Montserrado County Senator Abraham Darius Dillon on Friday delivered a blistering scrutiny of the controversial Oranto Petroleum Production Sharing Contract currently before the Liberian Senate, exposing what he described as disturbing inconsistencies and administrative negligence on the part of government institutions charged with negotiating and submitting the agreement.

The contract—sent to the Legislature for ratification—came under intense examination during a joint Senate committee hearing when Senator Dillon uncovered that the copy submitted to him was unsigned, incomplete, and conflicting with other versions that was shared with his colleagues and the Executive Mansion allegedly signed.

From the onset of the hearing, Senator Dillon set the tone by requesting that government representatives present their own copies of the Oranto deal.

Shockingly, none of them had the contract they submitted to the Legislature in hard copy.

“You came for public hearing and the contract you sent to us, none of you brought a copy. What are we talking about here?” Dillon questioned sharply, raising concerns about the competence of the ministries and agencies handling the multi-million-dollar petroleum agreement.

Dillon went further to display his own copy of the Oranto deal—specifically pointing to page 98, where signatures appeared purporting to have come from officials of the Ministry of Justice and Ministry of Finance.

“If the people who sent this thing here do not know that it is signed, what else don’t you know about this deal?” he pressed.

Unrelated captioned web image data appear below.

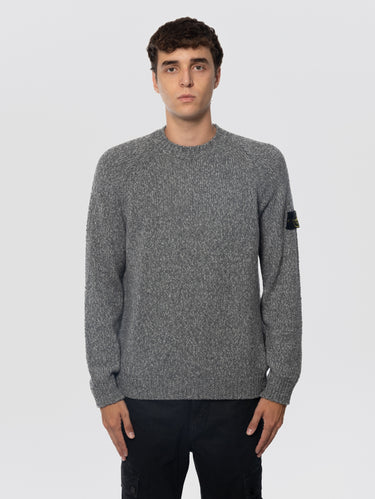 STONE ISLAND-Maglione in Misto Lana Mouliné Cemento Melange-TRYME Shop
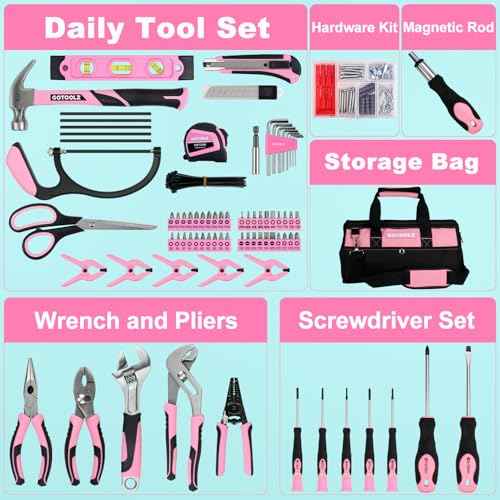 269-Piece Home Tool Set, General Household Repairing Tool Kit with Storage Bag, Basic Hand Tool Kit Set for Home Maintenance, DIY and Crafts(Pink)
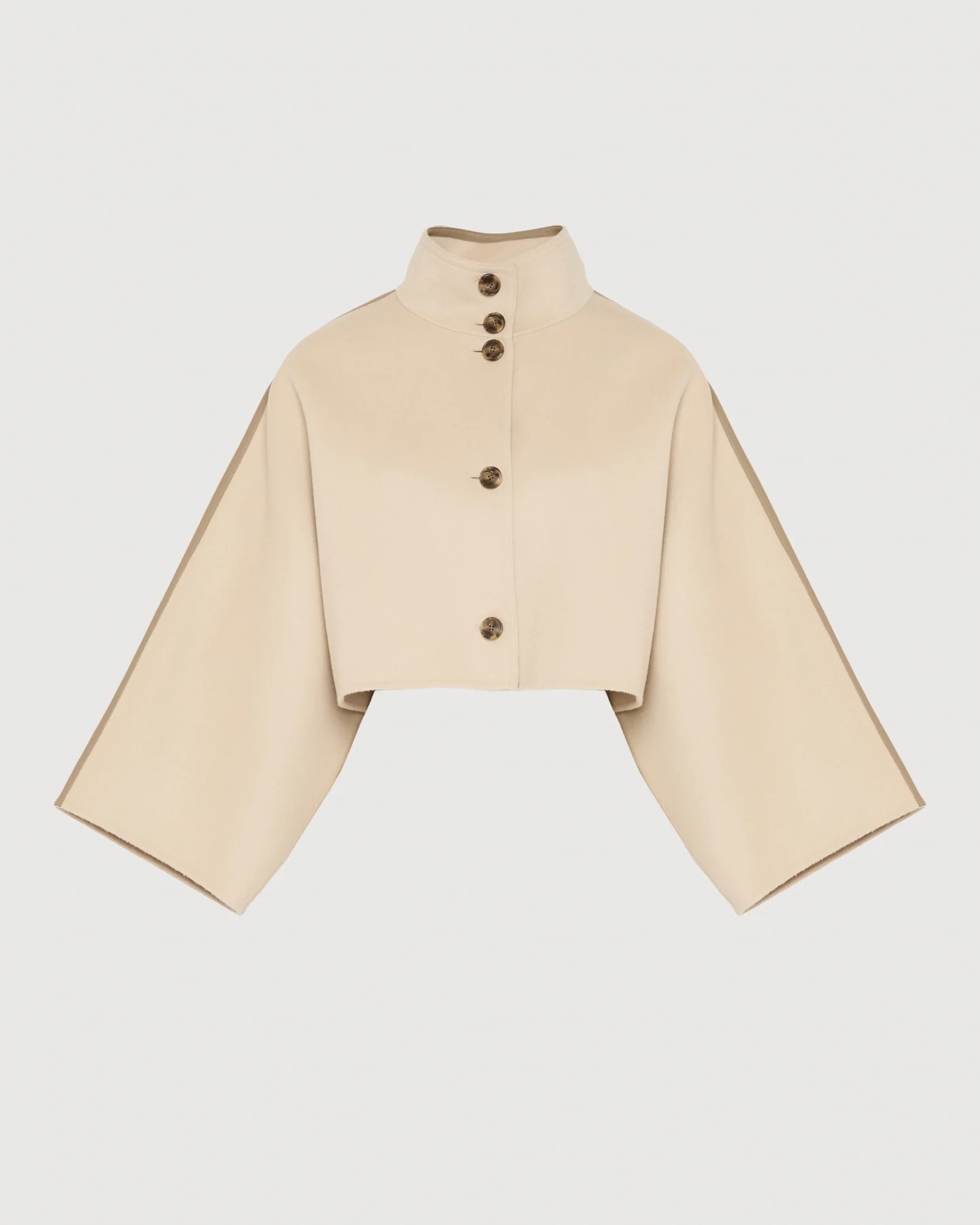 Veste cape cropped en lainage cachemire double face - Image 7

Presidential signature missing

A key highlight of the hearing was Dillon’s revelation that the version of the contract submitted to the Senate did not bear the signature of the President of Liberia—an essential legal requirement for such international agreements.

Yet, government representatives insisted that the President signed their version.

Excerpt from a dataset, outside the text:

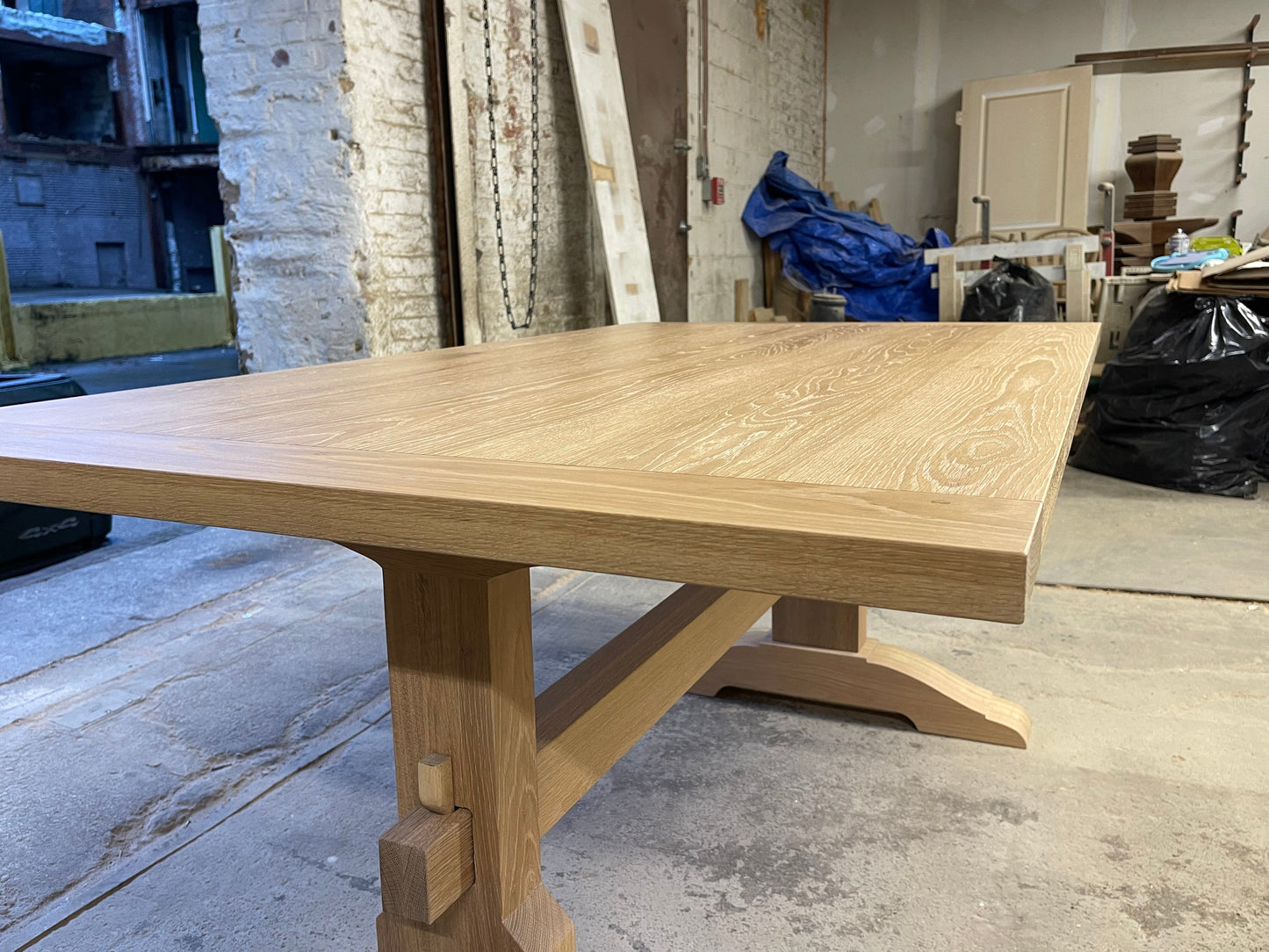 FREE SHIPPING - Jenni Kayne Inspired Trestle Dining Table - solid white oak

“Which one did the President sign before you?” he quipped. “Because he did not sign the one before us.”

Officials later admitted that the signature pages were left out and would be “submitted later,” prompting Dillon to question the credibility of the entire process.

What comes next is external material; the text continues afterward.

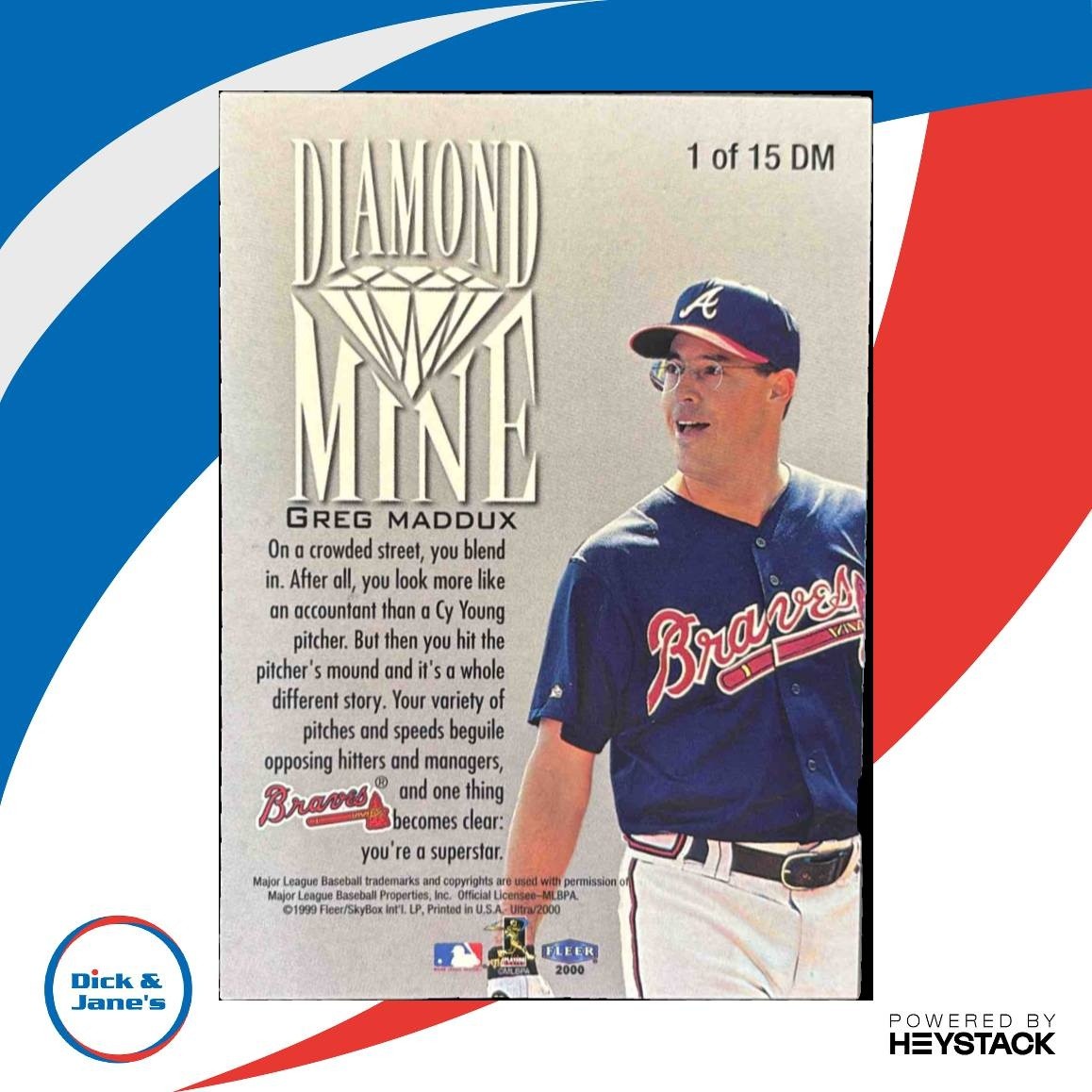 2000 Fleer Ultra Greg Maddux Diamond Mine #1 DM Atlanta Braves - Sports Cards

Senator Edwin Melvin Snowe, chair of the Joint Committee, confirmed inconsistencies across copies of the agreement, admitting that some versions he possessed were fully signed while others were not. He described this as “negligence coming straight from the court.”

“Where is this company?”

Another major point brought to the fore, showing Dillon’s toughness, came when he interrogated the Government of Liberia’s representatives about the legitimacy, location, and operational history of Oranto Petroleum Liberia Limited.

Despite Oranto being proposed as a major petroleum partner, neither the Ministry of Justice nor NOCAL could state where the company’s headquarters is located.

“How can the government of Liberia deal with an entity, and nobody here knows where their headquarters is?” Dillon asked.

After back-and-forth exchanges, LPRC officials finally disclosed that Oranto’s address was listed as 19th Street, Sinkor, and that the company was registered in 2008, with renewals recorded in 2011 and as recently as September 2025.

Dillon then requested annual business registration records from 2008 to 2025 to confirm the company’s legitimacy and continuity.

The Montserrado lawmaker further dissected the technical aspects of the contract, particularly provisions that allow a contractor to transfer or mortgage rights under the agreement.

“How do you sell what you do not own? We are not selling our oil blocks; we are leasing them,” Dillon argued, calling Article 26 a prohibitive clause designed to prevent unilateral transfer of Liberia’s natural resource interests.

He sharply questioned how Liberia could accept a 15% compensation on any transfer or sublease, asking: “What informed that percentage? Why not 20%? Why not 40%? Why 15%?”

Government lawyers responded also feebly , describing it merely as “industry practice.”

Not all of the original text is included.